The first unit of inquiry the students studied was How We Organise Ourselves.  The central idea of this unit is that decisions we make can cause or resolve conflict.  During this unit the students go on a fieldweek where they are involved in various challenges.  Last year the IT activities the students engaged in was to make a PowerPoint on their return from their trip.  This year I wanted to have the IT embedded more in what was going on in the classroom to support the learning.  During this unit the focus was on narrative writing, and as a result of this students used different Web 2.0 tools to explore different ways to tell a digital story that involved the characters making decisions.  Reflecting on this unit I feel we moved from A (augmentation - using PowerPoint) to M (modification - using Web 2.0 digital storytelling) in the SAMR model.

The second unit of inquiry was How the World Works.  The central idea for this unit is that natural and man-made processes can create changes to the Earth and its inhabitants.  Last year the students made another PowerPoint - using the skills they had already learnt in the PowerPoint they had made after their field trip more independently.  This year I suggested using different Web 2.0 tools to support the summative assessment - an oral presentation about a process or disaster.  Yesterday I was involved in assessing some of these presentations - the IT had been used as a tool so the focus was not on assessing the use of IT at all (because all students could use these tools easily).  We focused on evidence that students had used the inquiry process, on their knowledge, understanding and presentation skills.  In this way I feel we moved from A (augmentation - using PowerPoint) to M (modification using Web 2.0 presentation tools).

The next unit of inquiry is How We Express Ourselves.  The central idea is that we express our thoughts and feelings through poetry and song.  Last year the students used Word to write and display their poems.  This year we are starting with blogging to reflect on poems in class, composing music to go with their poems, publishing their artwork on VoiceThread and reading their poems, using Animoto and skyping with both a musician and a poet.  Although we are just at the planning stages of this unit right now (we will actually start blogging next week) I am already confident that for this unit we will move from S (substitution - using Word) to R (redefinition - collaborating with others, publishing to a world audience and getting feedback).

What does this mean for me as a teacher?  At the beginning of the year I anticipated taking on more of a role of a coach and less of a teacher.  I saw myself coaching the teachers more than teaching the students so that the teachers would be more independent in leading the S and the A activities in their IT lessons.  This is because I thought the teachers would choose to take only small steps forward and that they would be able to lead the IT for their classes with my support.  What has actually happened is that the teachers have not chosen to do any enhancement activities at all.  They have gone straight to the M and the R.  I have, therefore, still ended up doing a lot of the teaching, because most of the teachers were unfamiliar with the tools being introduced.  But what I have seen is that the teachers have become very familiar with these tools over the past few months - they have taught themselves and in some cases taught their classes how to use them, or they have followed alongside the students and learnt how to use them during the IT lessons.  What I have seen is a fantastic letting go of the old way things were done, and an excitement about embracing the new.  With our Grade 3s, I definitely feel we have moved very rapidly from S to R.

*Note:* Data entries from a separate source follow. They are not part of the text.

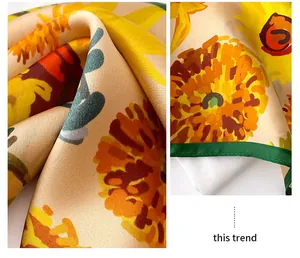 High-resolution detail of vintage sunflower pattern on a soft mulberry silk scarf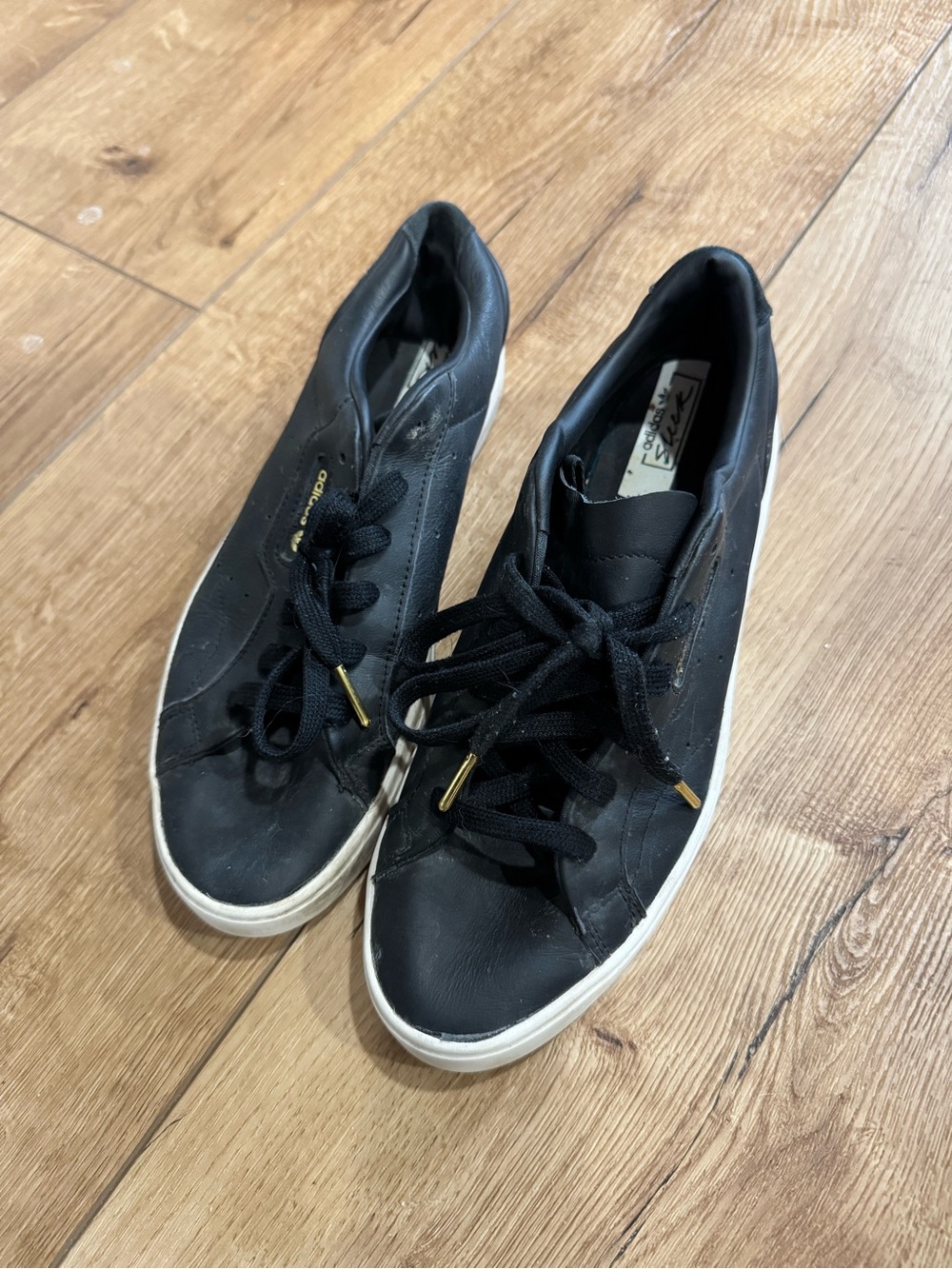 black and gold adidas sneakers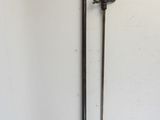 two swords on a wall in a room with a white wall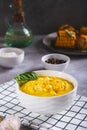 Delicious corn cream soup in a bowl on the table vertical view Royalty Free Stock Photo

I would like to acknowledge the work of Dr Ruben Puentedura who has been the force behind SAMR.

Photo Credit:  The Alphabet by Mathieu Jarry


  1. I love the way you described that, and it makes me happy to see that some of these changes have happened in my classroom and others, despite the fact that we do not have a mentor, or coach, or even anyone designated for technology.
    Thanks for sharing and reminding me again that is is about redefinition. I look forward to the new term and redefining a bit more!

  2. Thanks for this post. It has gotten me to think a bit more about my activities and analyze more about whether we are at the S, A, M or R stage of transforming our activities. I teach Grade 3 and live in a school with a computer lab with the introduction of google apps this year and the coming of several chrome books for our classrooms. Looking forward to those as I think the ability to redefine happens with immediate access to the tools rather than the lab. But, in the meantime, how does one redefine using a 1-2 hour slot/ week in the computer lab?

  3. Thank you for the post Maggie-
    I was pointed here via coetail, a master's program on Technology and Education. I really appreciate the clarity with which you describe the transitions between activities and the clear examples of the different levels of SAMR. Very useful for those of us who are beginning to get acquainted with these models.


  4. Thanks Maggie. I too found your blog through COETAIL. Thinking about SAMR and my personal practice, I had thought that I was somewhere between Augmentation and Modification but the examples you give have shown me that actually I am doing more Modification than Augmentation and even some Redefinition :) We use web 2.0 tools, (e.g. Skype, student blogs and websites) although I still need to work more on making connections beyond our school community.